A frustrated reader and critic once described Finnegans Wake as “a 628-page collection of erudite gibberish indistinguishable to most people from the familiar word salad produced by hebephrenic patients on the back wards of any state hospital.”
Seven years on Ulysses
The James Joyce group meets for a couple hours at a time once each month, sometimes in Haywood and sometimes in Jackson counties. Members are from each of those communities. To describe the people involved as meticulous, well read and intelligent somehow falls short. They have spent about four years reading Finnegans Wake together. Saturday’s meeting began on page 282 of this more than 600-page book. The group labored happily for two hours, progressing through the middle of page 287.
Joyce, you see, isn’t a writer you rush: in his case, ripeness truly is all.

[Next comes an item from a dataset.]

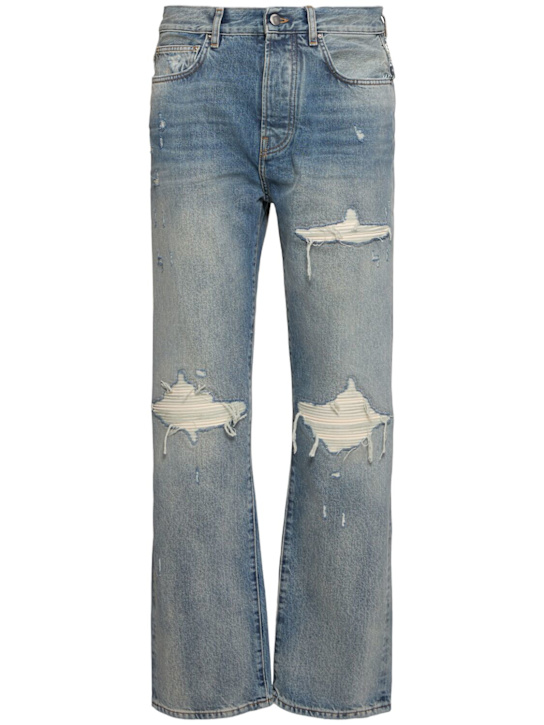 Amiri Suede straight mx1 jeans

The group started reading Ulysses. That required a seven-year commitment. Ulysses is Joyce’s most important work, and stands as one of the most, if not the most, important modern novels of our time.
Jean Ellen Forrister, a retired English teacher from Jackson County, started with the group about when they began reading and studying Finnegans Wake.
She said she loves the complexities of Joyce’s work, “the weirdness,” and finds untangling his writing akin to solving a complicated crossword puzzle.
“You get it to fit all together, and there’s that sort of ah-ha moment,” Forrister said, adding that reading and studying Joyce keeps a person learning and living.
In one section of Finnegans Wake irrational numbers played a role. Forrister soon found herself researching irrational numbers — which is a real number that cannot be written as a simple fraction — and entering into discussions about them with a friend who is a math teacher.
Reading Joyce can take a person down unlikely avenues indeed.
You don’t want to walk unprepared into a James Joyce group meeting, though member Karl Nicholas, who retired from the English department at Western Carolina University, apologized for doing just that. He had just returned to Sylva from attending an event honoring the poet Robert Burns, and had been sidetracked the previous evening buying tickets for an upcoming trip overseas.
Members of the group usually prepare for meetings by reading the text, and they cross-study using A Skeleton Key to Finnegans Wake by mythologist Joseph Campbell and Henry Morton Robinson, and Annotations to Finnegans Wake by Roland McHugh.
They also rely on knowledge and skills that members individually bring into the group. Nicholas attended Catholic school, so he helps with the Catholic references, Forrister said. Nicholas and Lodico both can aid others when there are Latin difficulties. Nan Watkins can untangle knotty musical references, and so on and so on. Talk to them individually and each demurs from special knowledge or contributions, of course: “The others are scholars; my contributions are ones of support and enthusiasm. I get by,” Bates Smith said modestly.
After Bates Smith’s rendering of the “he had names for this 10 fingers,” Forrister said,
“Here’s my question. OK, in this counting system that he has, is this something unique to the kids, some little weird thing a kid made up, or is this a tradition?”
An involved discussion about counting commenced. Counting in other lands, hand symbols for numbers used in the streets of other lands, cultural mistakes that can occur when people ill advisedly use their land’s hand signals in other people’s lands.
“The French of course include the toes when they are counting,” Sandy McKinney said, offering the fact as something well known by most people.
“We’re getting the trees, but what is the forest?” Dr. Steve Wall, a pediatrician, said finally as the conversation on counting wended onward. “What is this book about? We know naught.”
The next meeting of the James Joyce group takes place at 9:15 a.m. Saturday, March 24, at Blue Ridge Books in Waynesville.